What Does a “Bike Friendly” City Look Like?

Alan Durning has a lengthy essay discussing the infrastructure and culture that makes a city "bike friendly" in the environmental news blog, Gristmill:

Good bicycling infrastructure is something few on this continent have seen. It doesn’t mean a "bike route" sign and a white stripe along the arterial. It doesn’t mean a meandering trail shared with joggers, strollers, and skaters.

Bike friendly means a complete, continuous, interconnected network of named bicycle roads or "tracks," each marked and lit, each governed by traffic signs and signals of its own. It means a parallel network interlaced with the other urban grids: the transit grid on road or rail; the street grid for cars, trucks, and taxis; and the sidewalk grid for pedestrians. It means separation from those grids: to be useful for everyone from eight year olds to eighty year olds, bikeways on large roads must be physically curbed, fenced, or graded away from both traffic and walkers. (On smaller, neighborhood streets, where bikes and cars do mingle, bike friendly means calming traffic with speed humps, circles, and curb bubbles.)

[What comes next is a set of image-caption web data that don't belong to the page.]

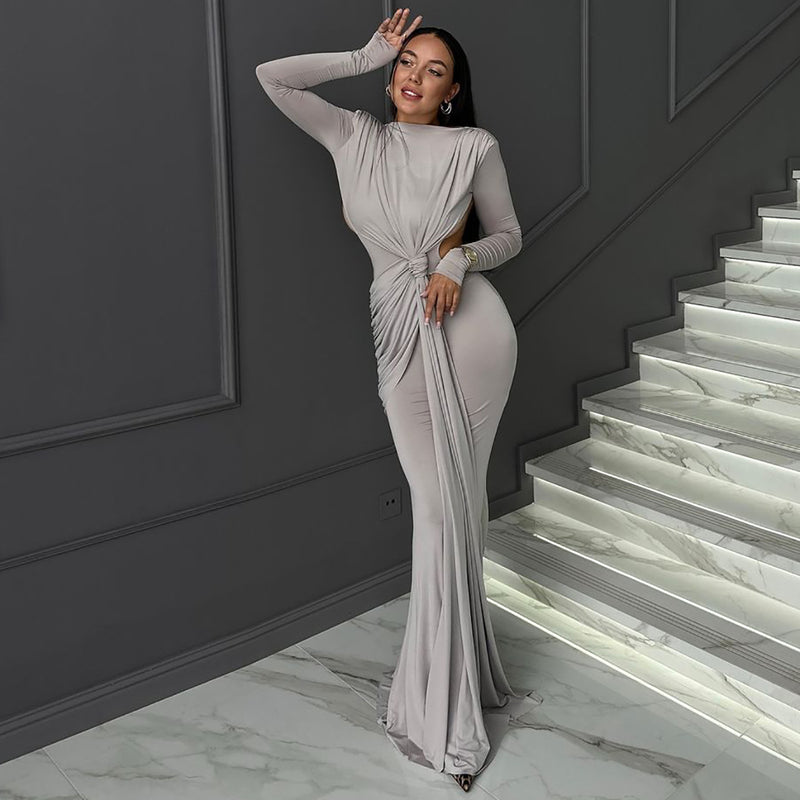 DRAPED KNOT MAXI GOWN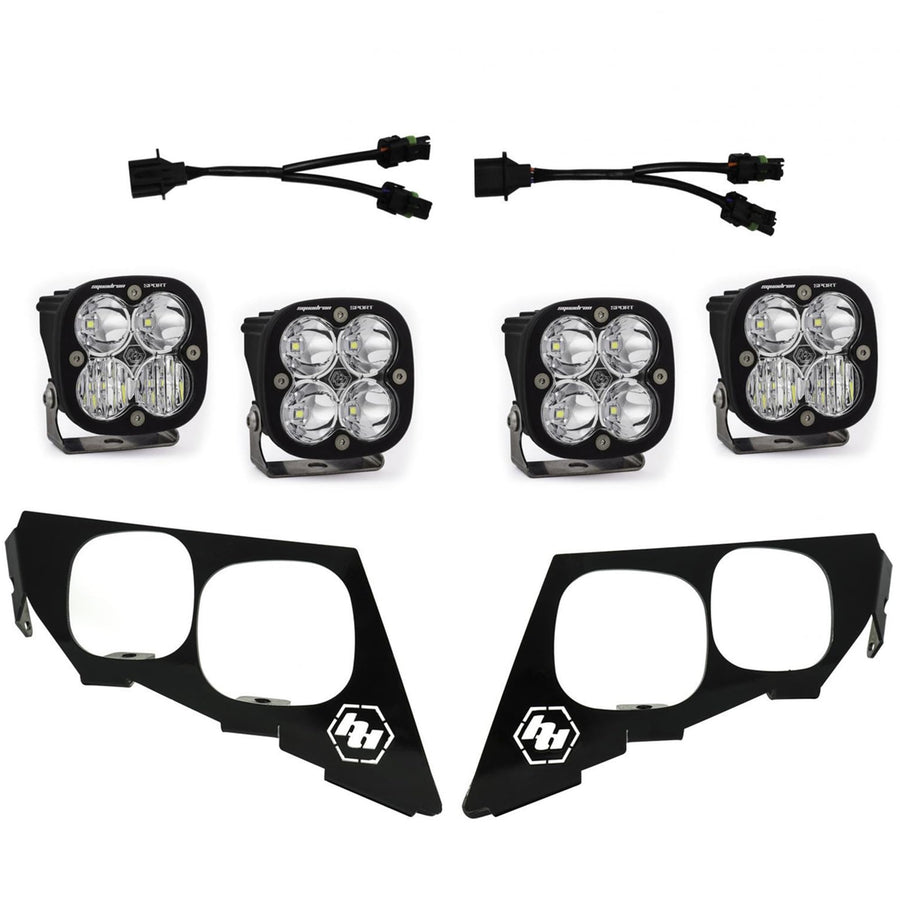 Baja Designs LED Headlight Kit Squadron Sport for Textron Wildcat XX UTV 2018-21 (Multi-Pattern; Clear)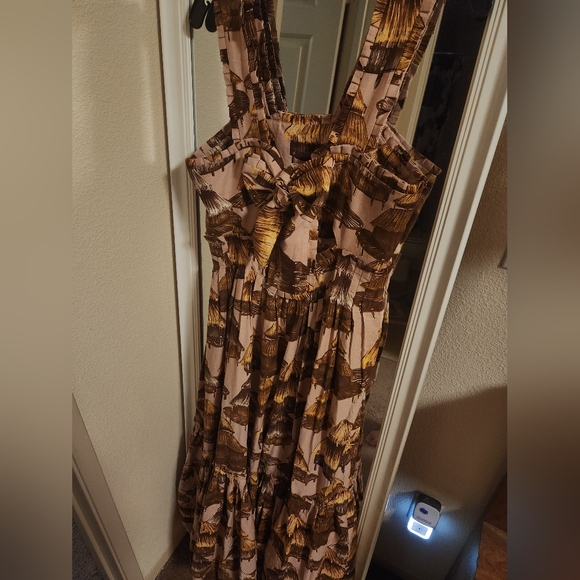 FARM RIO Malocas Beige Sleeveless Midi Dress - Picture 5 of 12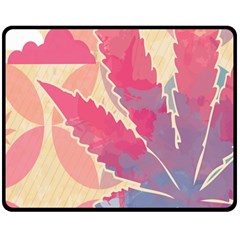 Marijuana Heart Cannabis Rainbow Pink Cloud Double Sided Fleece Blanket (medium)  by Mariart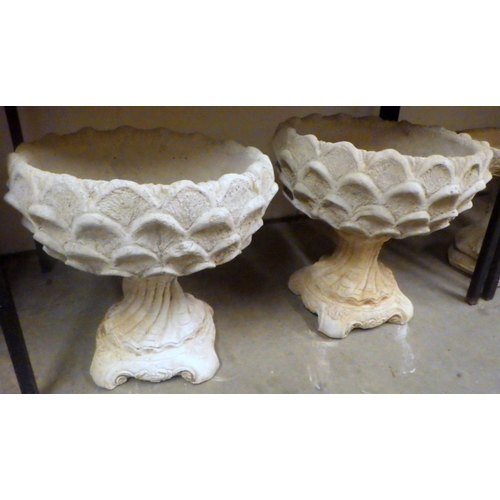 836 - A pair of petal moulded concrete planters, 49cm across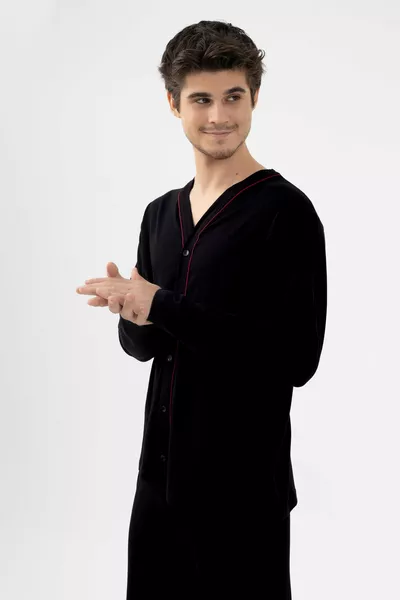 طقم بيجامة رجالي من القطن مع الإيلاستين، بأزرار وتفاصيل جيب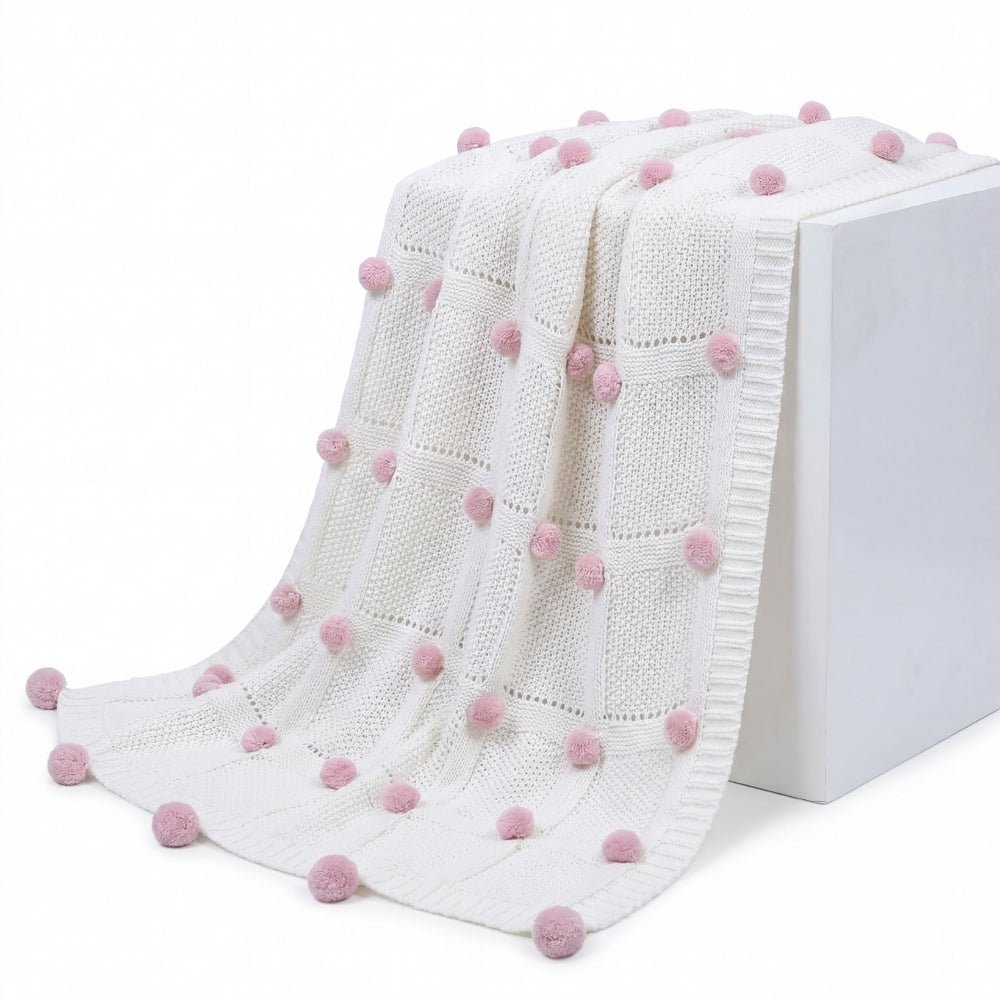 Bubblegum Pom Pom 100% cotton knitted Summer AC blanket 0 - 3 years - Blanket | haus & kinder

Picture a street more than half of which is reserved for people on foot, bikes, buses, or rail; on which traffic signals and signs, street design, and landscaping all conspire to treat bicycles as the equals of automobiles. This is what bike friendly — what Bicycle Respect — looks like.

Such "complete streets" are common in Denmark, the Netherlands, and other northern European countries.

What does bike friendly look like? It looks like a 60-year old and her granddaughter on two wheelers, getting the green light at each intersection they approach, while drivers brake to stay out of their way.